I’ve got your memory, or has it got me?
I really don’t know, but I know it won’t let me be

I’ve got your class ring; that proved you cared
And it still looks the same as when you gave it dear
The only thing different, the only thing new
I’ve got these little things, he’s got you.

(“Strange” Patsy Cline)

 I called Judy’s roommate and asked if we could meet somewhere. I desperately needed answers and she was my last hope. She reluctantly gave in. She suggested the park with the big rock where Judy and I sat and kissed on our first date. The roommate was barely able to make eye contact. She knows something, I thought.  Getting her to tell me the truth was like pulling teeth. She didn’t want to do this. To be the one who went behind Judy’s back. The one to tell me what Judy should have told me. She was filled with pain and sympathy.It was so difficult for her and I hated myself for putting her in this situation.  Finally she blurted out: “You deserve to know. Judy is seeing someone.”  I stared at her in utter disbelief. Judy unfaithful? It wasn’t possible! When? How? Where were the clues? Why didn’t I see it?  My knees buckled and everything was spinning around me. My world had crashed. I leaned against a tree to keep from crumpling  to the ground. Life was slowly being sucked out of me for the second time. The roommate  face had gone white. “Who is it?” I asked. I instinctively knew it had to be P,  She slowly nodded her head.  At that very moment my mind shut down. They say the brain is a wonderful, complex organ. It can sense stimuli overload and immediately short circuits as a way of protecting one from insanity. I felt I would have gone mad, to a place of no return.
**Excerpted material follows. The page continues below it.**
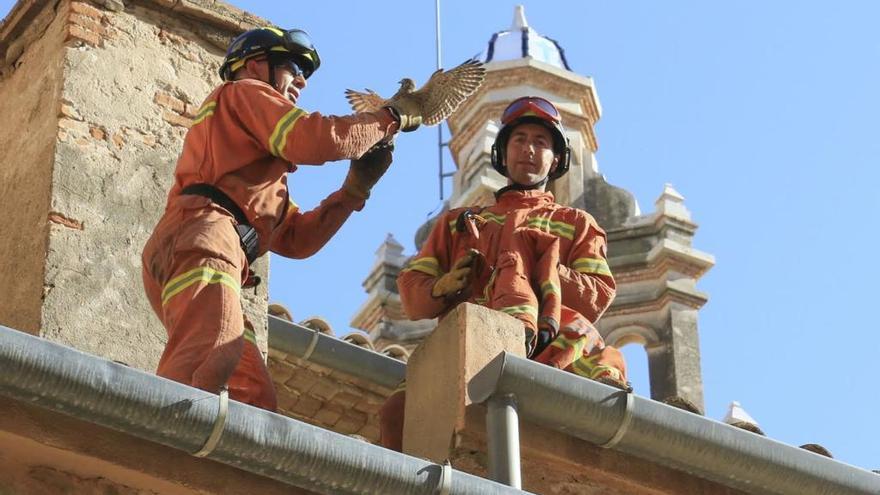 Una investigación propone usar halcones contra el picudo rojo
The roommate had no more information and claimed to be just as confused and in the dark as I was. “She seemed to change,” The roommate said. “I rarely see her anymore. She has stopped spending time with her friends.” She admitted that she had been jealous of the bond that Judy and I shared. How we were always holding hands. And what a shock that it was over. I had one last question: Did she think I had any chance to win Judy back? This, of course, she couldn’t answer. I was determined to try. Jumping in my truck, I drove like a wild man to the florist and then to Judy’s mother’s house. Judy had not yet returned from work, so I waited in the dining room. She had gotten a job as a Home Visiting Nurse and had a couple of clients. I remember the many hours she spent in my kitchen studying and preparing for exams. When she got certified, she was so happy and rushed to tell me. We celebrated by going out to dinner. When Judy finally walked in. She was smiling and graciously took the flowers. We went outside to talk and her demeanor began to change. She wanted me to leave. To accept that we could only be friends and nothing more. I asked her a million questions and got no answers that made sense. She had become a stranger. It was as if we had never met. I was stunned. So completely baffled as I tried to see what was in her eyes. Nothing.  She said she was ill with hay fever and went back in the house leaving me more broken and confused.
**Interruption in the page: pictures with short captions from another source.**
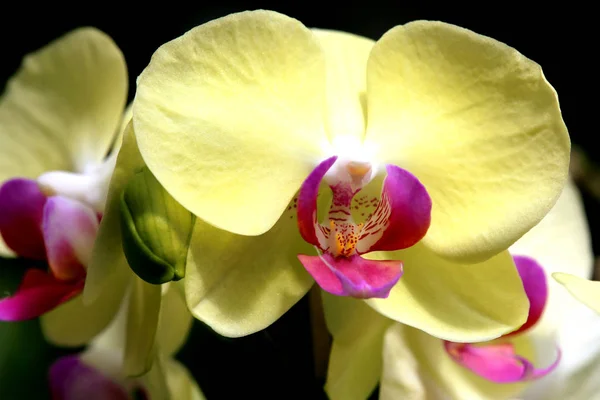 Close Uma Orquídea Phalaenopsis — Fotografia de Stock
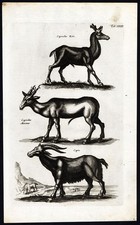 Stampa antica-CAPRIOLO-CAPRA-CAPRA-CAPREOLO-MAMMIFERI-Jonston-Merian-1657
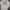 Grooverhyme Casual Sweater Pria cream photo 5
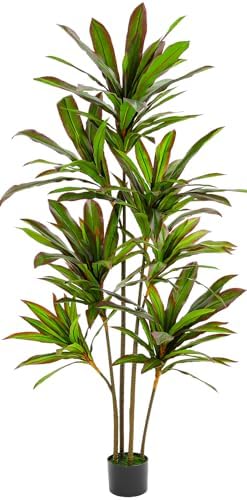 VIAGDO 6ft Artificial Dracaena Plant with Red Leaf Margin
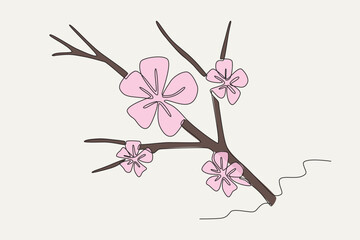 Colored illustration of spring cherry blossoms. Cherry blossom one-line drawing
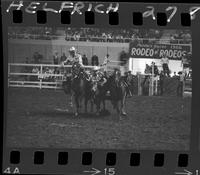 C.R. Boucher Steer Wrestling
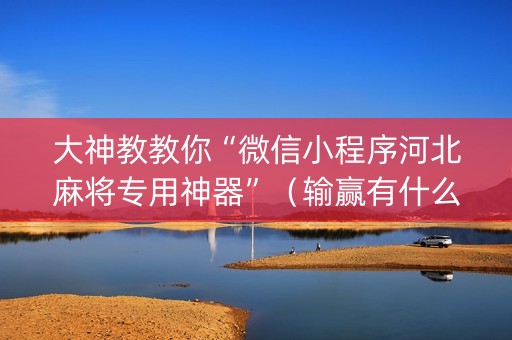 大神教教你“微信小程序河北麻将专用神器”（输赢有什么规律)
How or when P came back into her life is still a mystery these 8 years. I received only bits and pieces of information. Judy’s roommate had a new boyfriend and was living with him. P then stayed with Judy. After Judy’s step dad died, P had helped her move into her mother’s house. I did think it was strange when I had called over there and heard a male’s voice on her mom’s answering machine. I have no idea if P was also living at Judy’s mother’s house.  For some weeks Judy had been hiding all of this from me, and my heart broke even more.I had also learned that P was with Judy during that ice storm where I nearly froze to death with nothing but candle flames for heat. P was that sick, old man at her step dad’s wake who stood by her, never saying a word. I don’t even remember if I shook his hand.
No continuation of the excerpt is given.